Former CIA Director James Woolsey is virtually alone among American officials in stating what should be obvious to everybody: Saudi Arabia, he said last month, “deserves a very large part of the blame for Sept. 11.”

It is constantly argued that if the Saudi monarchy were to fall, the successor regime would merely be more extreme and anti-Western. Such thinking also led Bush Sr. to try and keep the Soviet regime in power in the dying days of communism. Yet there are moderate Saudis. Some come from within the regime, such as King Fahd’s half-brother, Prince Talal, now 73, who spent many years in exile for trying to persuade his fellow royals to shed their despotic ways, and only last week renewed his call for the modernization of Saudi institutions.

Others are from the middle classes, such as Dr. Sahr Muhammad Hatem of Riyadh. Unable to voice her criticism inside the country, she wrote a letter to a London-based Arabic newspaper on December 12, 2001. Under the title “Our Culture of Demagogy Has Engendered bin Laden, Al-Zawahiri, and Their Ilk,” she wrote: “The mentality of each one of us was programmed upon entering school as a child, [to believe] that … anyone who is not a Muslim is our enemy, and that the West means enfeeblement, licentiousness, lack of values, and even Jahiliya [a term used to describe the backward pre-Islamic era] itself. Anyone who escapes this programming in school encounters it at the mosque, or through the media or from the preachers lurking in every corner.”

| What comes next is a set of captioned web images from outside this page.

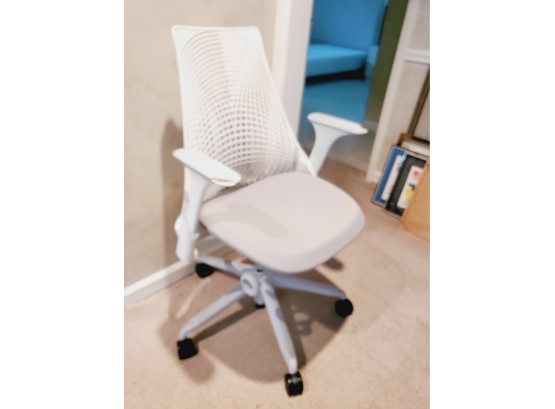 Herman Miller Sayl Ergonomic Adjustable Office Desk Chair In White-Designed By Yves Behar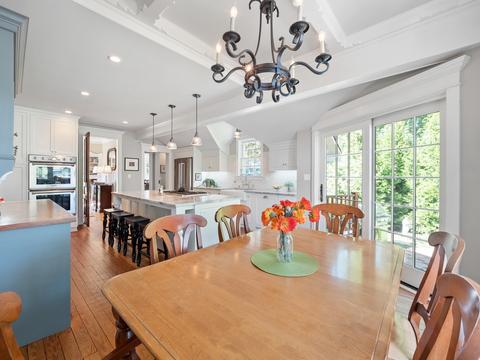 819 Golf Ln, Wheaton, IL 60189 photo 11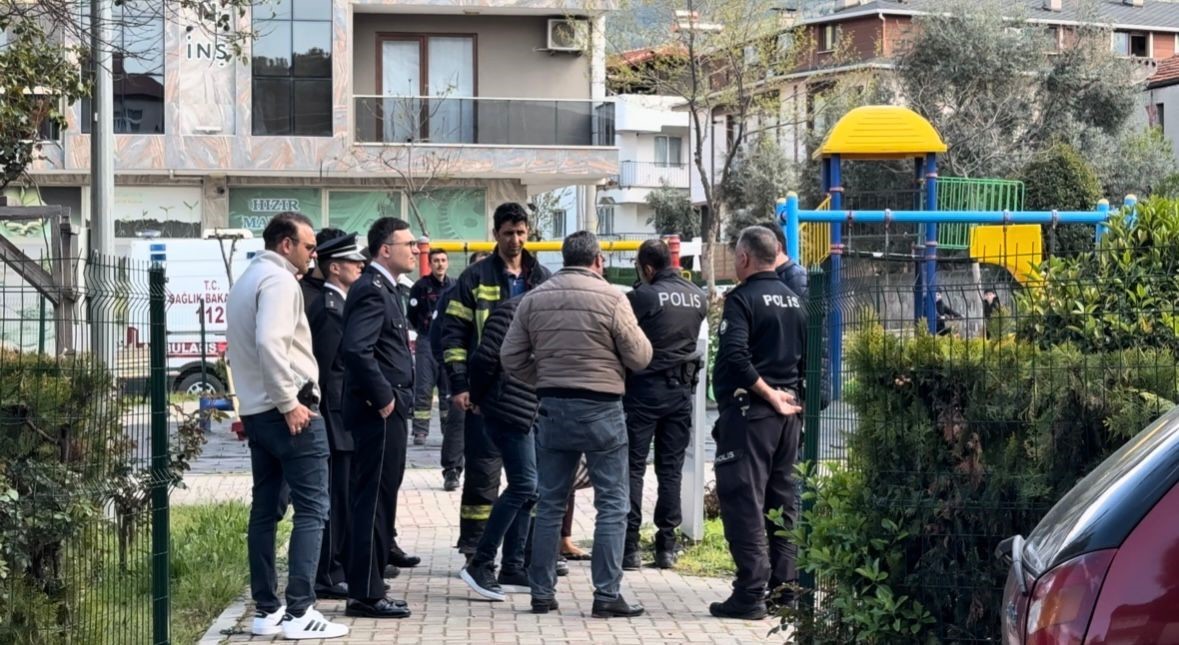 Caminin çatısına çıkan şahıs 2 saatlik çabanın sonunda ikna edilerek aşağı indirildi
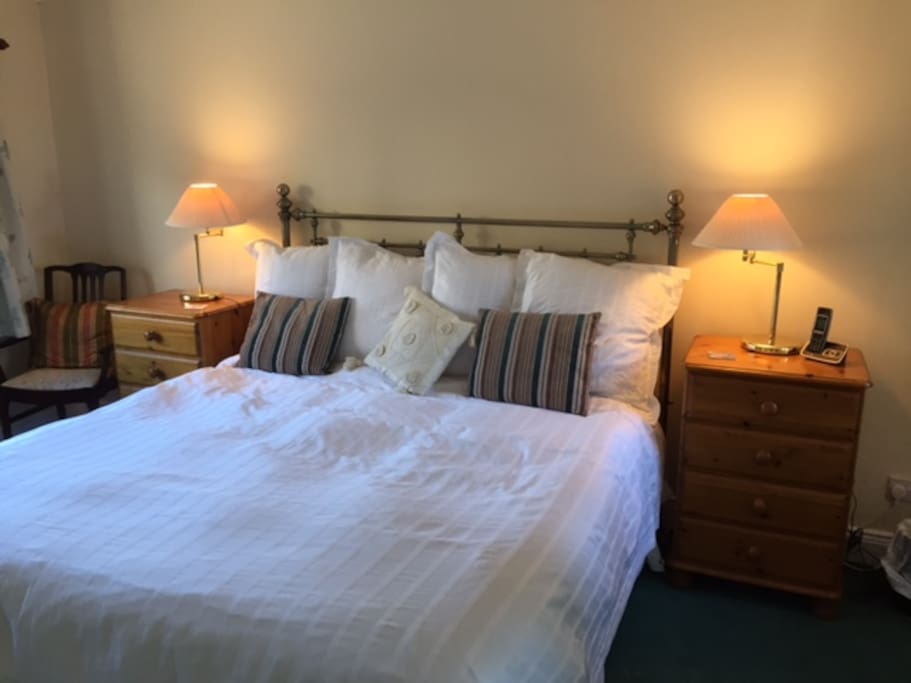 Super king bed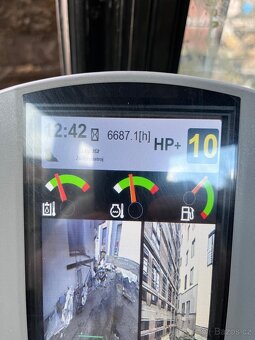 Pásový bagr Caterpillar 311F - 3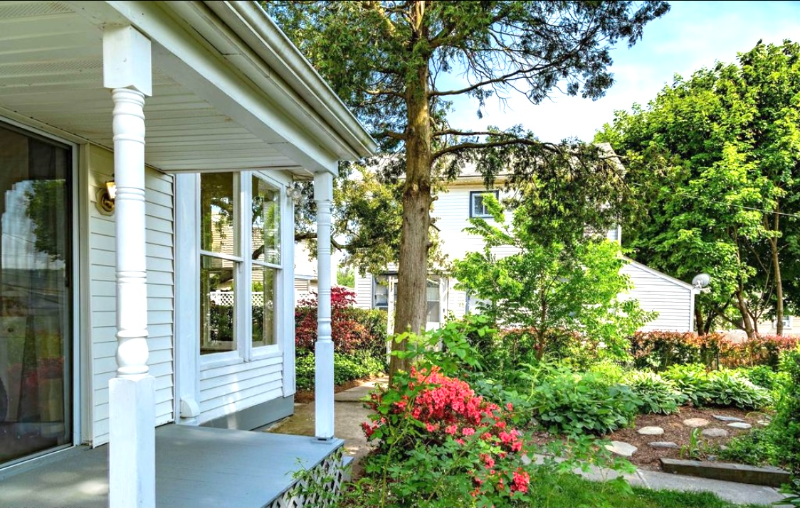 949 Vine St - Photo 4 of 4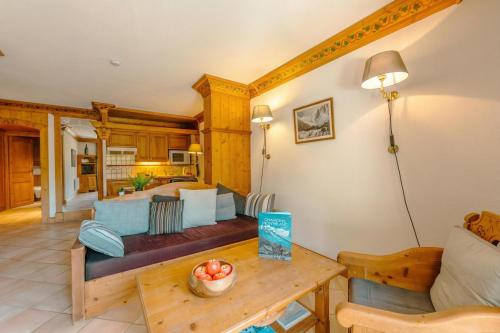 Le Cristal MB6 View, Pool, Private Sauna, Parking & WiFi - Happy Rentals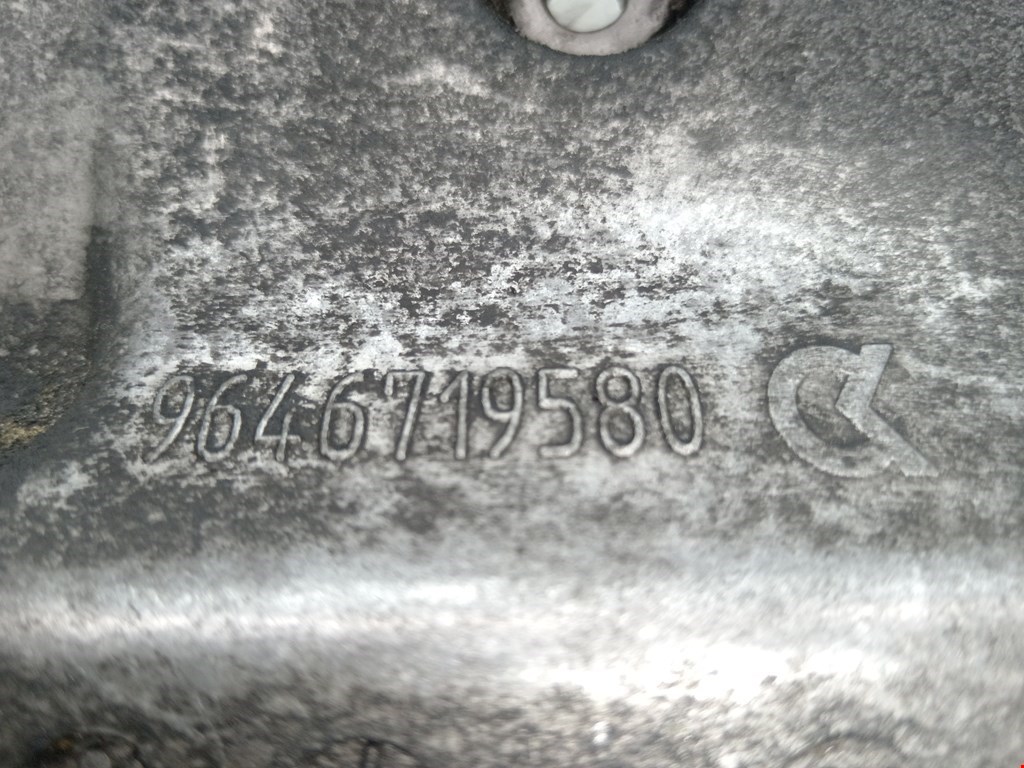 Кронштейн кондиционера Citroen C4 Picasso 1 купить в России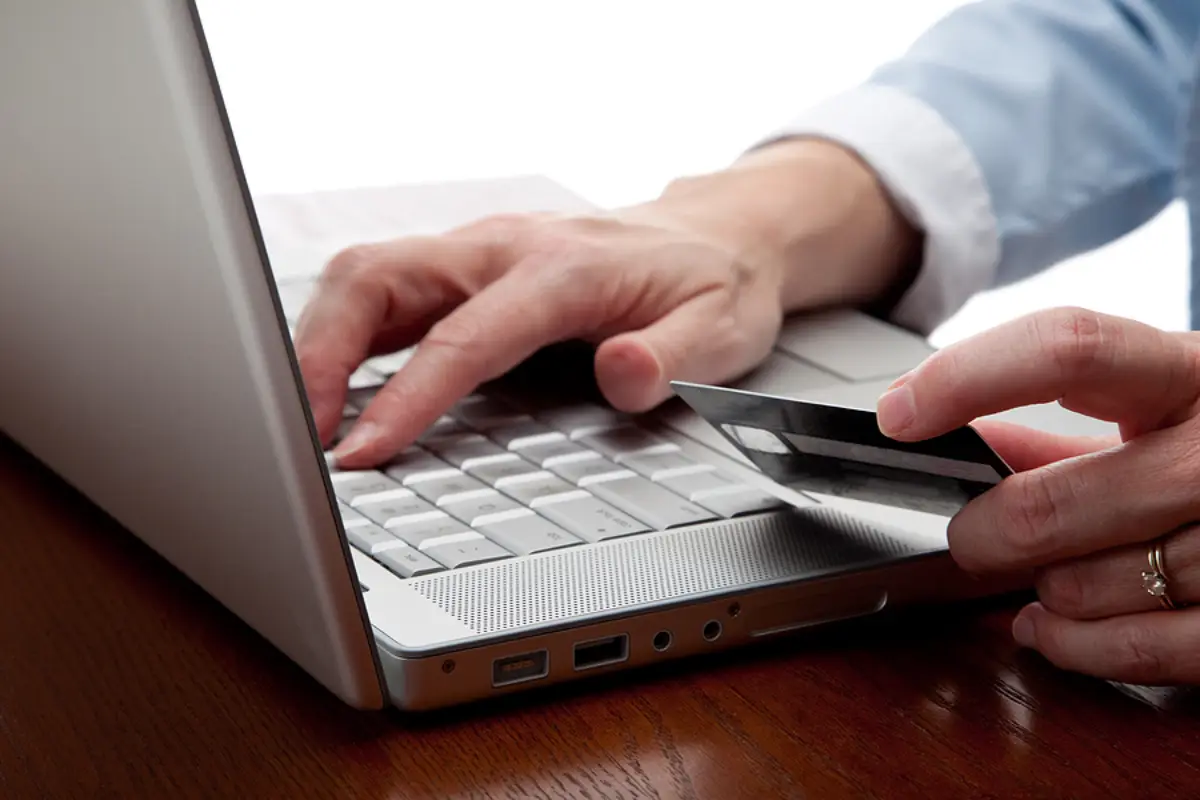 From Checks to Clicks: How Knoxville Landlords Can Master Modern Rent Collection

Dr Hatem has received much praise from other Saudis. In the future, is the US going to support those who agree with her, or is it going to continue to prop up the unsavory regime that continues to govern Riyadh? The regime can be pressured. It needs to sell oil more than the US needs to buy it. And it isn’t just oil that it sends abroad. It also exports hate – the hatred of America.

(Tom Gross is a former Jerusalem correspondent for the London Sunday Telegraph and the New York Daily News.)